Commanders on the ground will decide whether Canada has the means to carry out individual operations aimed at drug traffickers, and all will meet Canada's legal obligations, MacKay said.
The plan was criticized in Parliament on Friday.
"Does the government believe that such military action will resolve the drug problem in Afghanistan and does the government support NATO orders that potentially put our soldiers at risk of violating international law?" NDP Foreign Affairs critic Paul Dewar asked.
Dewar said that the drug operation is not the kind of work Parliament approved when Canada's mission in Afghanistan was extended until 2011.

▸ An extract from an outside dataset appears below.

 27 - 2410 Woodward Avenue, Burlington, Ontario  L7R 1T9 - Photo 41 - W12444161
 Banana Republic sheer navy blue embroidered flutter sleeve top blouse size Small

More than 2,500 Canadians are serving in Afghanistan's southern Kandahar province, a volatile region where Taliban-led attacks against foreign troops are frequent. British, Dutch and American troops are also in the southern area as part of a multinational NATO-led task force.
NATO backs decision, says chief
The issue had divided the 26-member military alliance.

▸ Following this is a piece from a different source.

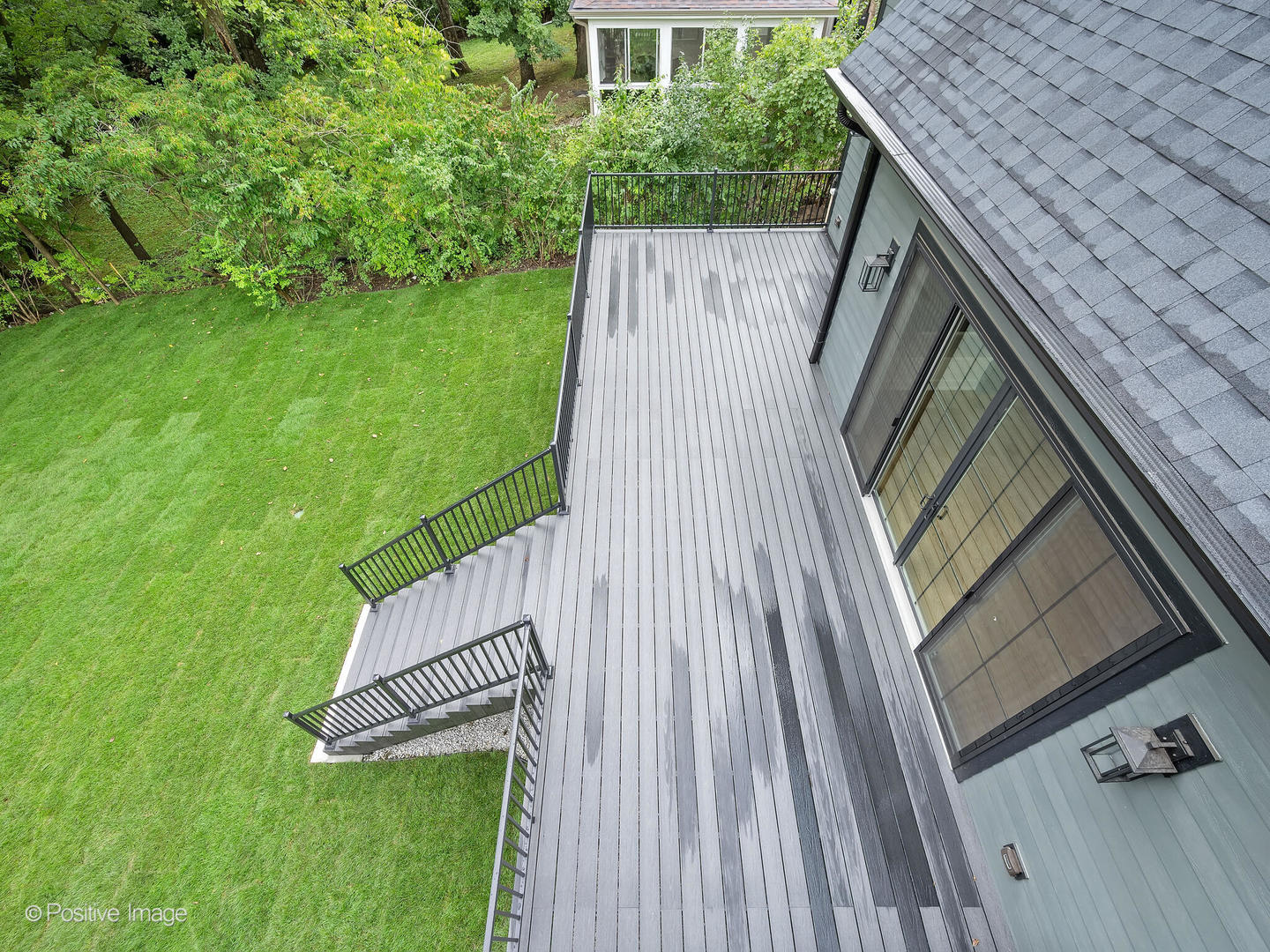 11480 Circle Drive Burr Ridge, IL 60527 - Photo 33 of 53 a view of outdoor space and deck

Commanders on the ground had earlier refused an order from the organization's top commanders to target the drug trade because the NATO order failed to distinguish between drug traffickers and those who directly support the Taliban.
International law forbids nations from using military force against criminals, including drug traffickers.
Drug traffickers with links to the insurgency could be considered a legitimate target.
The attacks would be legal if intelligence can prove links to the Taliban, said Payam Akhavan, a former UN war crimes prosecutor who now teaches at McGill University in Montreal.
"The question of burden of proof really revolves around intelligence gathering," Akhavan said.
NATO Secretary General Jaap de Hoop Scheffer said Thursday there is "full agreement" within NATO's chain of command on the decision.
"We have full agreement … that we can go indeed after laboratories where the poppies are brought in and turned into heroin … or after the guys and the people who bring in the precursors," he said.
So-called precursor chemicals are materials that help refine opium into heroin.
"NATO will not act outside international law. This nexus between the insurgency and the narcotics business leads to the killing of our soldiers in Afghanistan," he said.
"That really is a price too high to pay for our soldiers."